Bronchoscopic transbronchial biopsy can help differentiate certain interstitial lung diseases, such as sarcoidosis and hypersensitivity pneumonitis, but the biopsy does not yield enough tissue to diagnose the IIPs. Bronchoalveolar lavage helps narrow the differential diagnosis in some patients and can provide information about disease progression and response to therapy. The usefulness of this procedure in the initial clinical assessment and follow-up of most patients with these diseases has not been established, however.

Surgical lung biopsy is needed to confirm the diagnosis when the history and HRCT are nondiagnostic. Biopsy of multiple sites with a video-assisted thoracoscopic surgery (VATS) procedure is preferred.

Treatment

  • Varies by disorder

  • Often corticosteroids

  • Sometimes lung transplantation

Treatment varies by disorder (see Treatment and Prognosis of Idiopathic Interstitial Pneumonias*). Smoking cessation is always recommended to avoid potentially accelerating disease progression and to limit respiratory comorbidities. Corticosteroids are typically recommended for cryptogenic organizing pneumonia, lymphoid interstitial pneumonia, and nonspecific interstitial pneumonia but not for idiopathic pulmonary fibrosis. Lung transplantation may be recommended for selected patients with end-stage disorders.
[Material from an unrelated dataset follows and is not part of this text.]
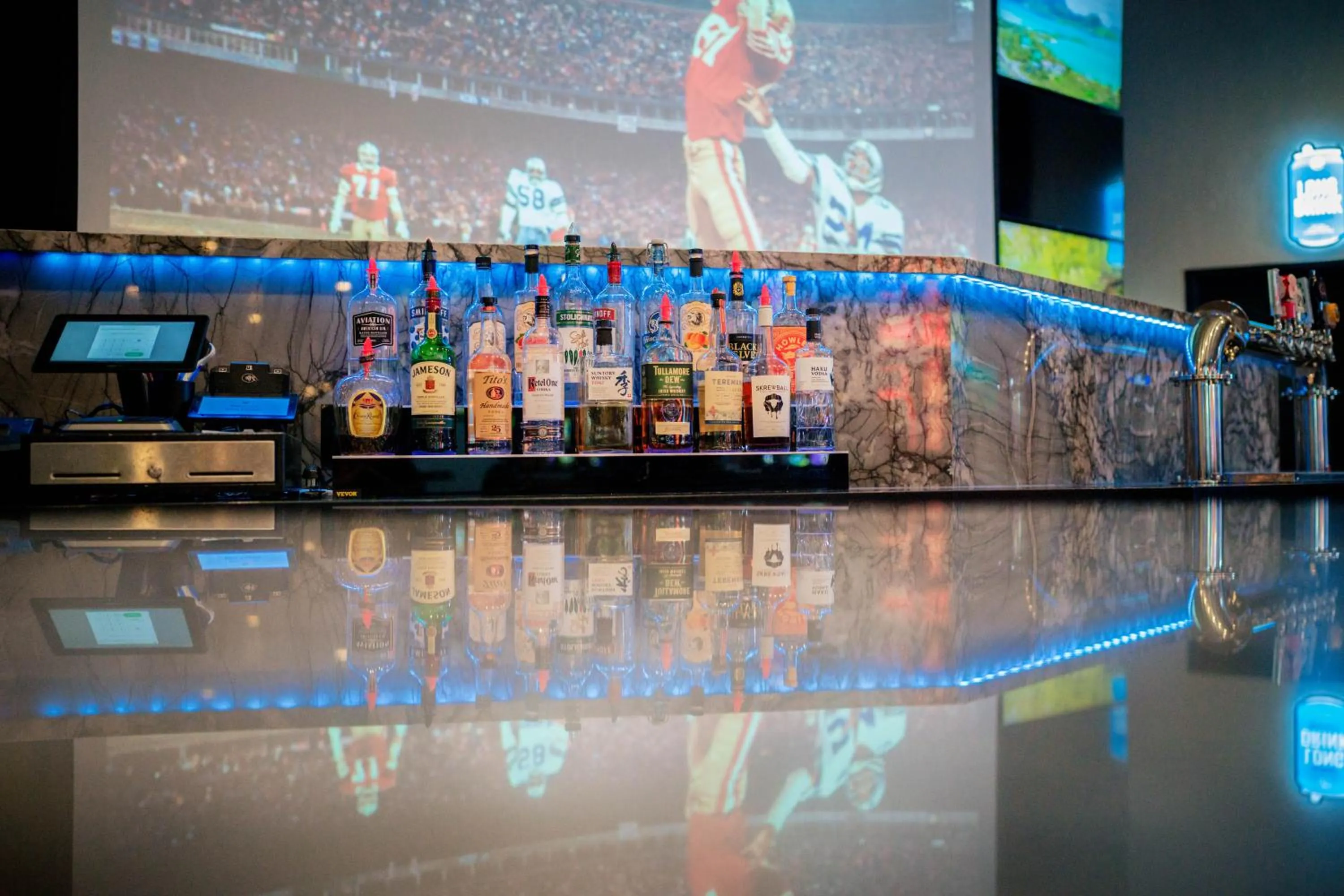 Lounge or bar in The Federal Hotel Downtown Carson City, an Ascend Collection Hotel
Treatment and Prognosis of Idiopathic Interstitial Pneumonias*

Disorder

Treatment

Prognosis

Idiopathic pulmonary fibrosis

Pirfenidone (in selected countries); lung transplantation

Mortality rate: 50–70% in 5 yr

Desquamative interstitial pneumonia

Smoking cessation

Mortality rate: 5% in 5 yr

Nonspecific interstitial pneumonia

Corticosteroids with or without immunosuppressive therapies (eg azathioprine, mycophenolate mofetil)

Mortality rate: widely variable, but generally better than idiopathic pulmonary fibrosis. In purely cellular disease (rare), extremely low

Cryptogenic organizing pneumonia

Corticosteroids

Complete recovery rate: > 65%

Relapses: In many

Mortality rate: Rare

Respiratory bronchiolitis–associated interstitial lung disease

Smoking cessation

Mortality rate: Rare

Acute interstitial pneumonia

Supportive care

Mortality rate: 60% in < 6 mo

Lymphoid interstitial pneumonia

Corticosteroids

Not well defined

*Listed in order of decreasing frequency.

Key Points

  • There are 7 histologic subtypes of idiopathic interstitial pneumonia

  • Symptoms, signs, and chest x-ray findings are nonspecific.

  • Diagnose IIPs initially based primarily on history and HRCT.

  • When clinical evaluation and HRCT are not diagnostic, do surgical lung biopsy.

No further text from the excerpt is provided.